__Task item__:
Return only the lines running from the first line of the listing through the one with "Health Fitness Tracker, Smart", unchanged.

__Source records__:
※ ※ ※
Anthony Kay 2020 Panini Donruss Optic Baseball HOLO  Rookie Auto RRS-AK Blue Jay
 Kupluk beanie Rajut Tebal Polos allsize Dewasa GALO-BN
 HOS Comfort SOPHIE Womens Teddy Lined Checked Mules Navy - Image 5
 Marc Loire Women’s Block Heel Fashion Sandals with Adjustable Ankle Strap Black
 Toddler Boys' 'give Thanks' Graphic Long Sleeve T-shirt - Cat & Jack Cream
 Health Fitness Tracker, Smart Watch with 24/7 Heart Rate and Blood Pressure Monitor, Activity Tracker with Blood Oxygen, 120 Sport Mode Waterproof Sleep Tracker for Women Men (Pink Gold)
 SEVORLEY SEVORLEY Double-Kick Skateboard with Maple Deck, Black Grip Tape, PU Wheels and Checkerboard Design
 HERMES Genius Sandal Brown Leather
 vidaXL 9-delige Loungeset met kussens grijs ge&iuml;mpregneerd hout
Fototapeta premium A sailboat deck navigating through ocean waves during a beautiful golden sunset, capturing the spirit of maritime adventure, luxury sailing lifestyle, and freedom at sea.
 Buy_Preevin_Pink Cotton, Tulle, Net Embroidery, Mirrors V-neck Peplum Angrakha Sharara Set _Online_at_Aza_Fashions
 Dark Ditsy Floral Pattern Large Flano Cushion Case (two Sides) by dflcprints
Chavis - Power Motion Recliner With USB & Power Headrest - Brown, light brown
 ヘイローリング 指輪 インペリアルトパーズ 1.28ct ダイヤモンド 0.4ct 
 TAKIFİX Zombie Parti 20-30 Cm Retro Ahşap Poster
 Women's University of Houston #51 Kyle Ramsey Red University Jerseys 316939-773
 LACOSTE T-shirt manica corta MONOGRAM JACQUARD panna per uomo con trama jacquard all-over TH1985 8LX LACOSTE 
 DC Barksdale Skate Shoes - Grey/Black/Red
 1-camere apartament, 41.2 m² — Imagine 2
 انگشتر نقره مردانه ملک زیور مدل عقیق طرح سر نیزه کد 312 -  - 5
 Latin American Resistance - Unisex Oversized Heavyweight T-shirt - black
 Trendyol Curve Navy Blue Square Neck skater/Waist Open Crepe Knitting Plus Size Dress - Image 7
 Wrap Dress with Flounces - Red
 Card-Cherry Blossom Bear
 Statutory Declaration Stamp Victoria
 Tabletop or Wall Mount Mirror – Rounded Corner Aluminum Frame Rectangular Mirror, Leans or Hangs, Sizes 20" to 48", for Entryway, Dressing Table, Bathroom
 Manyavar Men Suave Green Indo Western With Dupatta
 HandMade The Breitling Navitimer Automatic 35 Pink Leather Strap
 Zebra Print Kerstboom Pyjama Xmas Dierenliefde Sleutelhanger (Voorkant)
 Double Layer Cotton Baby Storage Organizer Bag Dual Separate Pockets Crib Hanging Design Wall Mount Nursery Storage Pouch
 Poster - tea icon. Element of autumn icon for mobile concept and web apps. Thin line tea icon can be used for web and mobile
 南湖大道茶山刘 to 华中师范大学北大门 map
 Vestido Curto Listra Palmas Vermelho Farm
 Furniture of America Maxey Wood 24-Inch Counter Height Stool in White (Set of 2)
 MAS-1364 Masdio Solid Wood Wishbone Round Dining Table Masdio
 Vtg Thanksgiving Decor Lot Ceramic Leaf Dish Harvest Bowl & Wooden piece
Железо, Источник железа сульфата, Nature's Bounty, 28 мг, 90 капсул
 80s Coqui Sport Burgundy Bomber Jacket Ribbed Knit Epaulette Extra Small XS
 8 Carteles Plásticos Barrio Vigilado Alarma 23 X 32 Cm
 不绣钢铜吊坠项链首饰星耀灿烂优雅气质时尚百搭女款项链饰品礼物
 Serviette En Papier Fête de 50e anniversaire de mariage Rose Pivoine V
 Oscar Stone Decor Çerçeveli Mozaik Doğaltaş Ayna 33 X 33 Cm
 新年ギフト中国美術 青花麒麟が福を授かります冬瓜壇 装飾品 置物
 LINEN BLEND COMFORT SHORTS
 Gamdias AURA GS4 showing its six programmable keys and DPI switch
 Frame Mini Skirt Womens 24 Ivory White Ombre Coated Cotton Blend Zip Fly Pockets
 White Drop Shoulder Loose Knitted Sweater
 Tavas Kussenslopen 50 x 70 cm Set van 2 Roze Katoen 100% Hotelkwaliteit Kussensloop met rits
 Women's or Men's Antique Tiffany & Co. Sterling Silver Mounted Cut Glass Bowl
※ ※ ※
__Answer section__:
Anthony Kay 2020 Panini Donruss Optic Baseball HOLO  Rookie Auto RRS-AK Blue Jay
 Kupluk beanie Rajut Tebal Polos allsize Dewasa GALO-BN
 HOS Comfort SOPHIE Womens Teddy Lined Checked Mules Navy - Image 5
 Marc Loire Women’s Block Heel Fashion Sandals with Adjustable Ankle Strap Black
 Toddler Boys' 'give Thanks' Graphic Long Sleeve T-shirt - Cat & Jack Cream
 Health Fitness Tracker, Smart Watch with 24/7 Heart Rate and Blood Pressure Monitor, Activity Tracker with Blood Oxygen, 120 Sport Mode Waterproof Sleep Tracker for Women Men (Pink Gold)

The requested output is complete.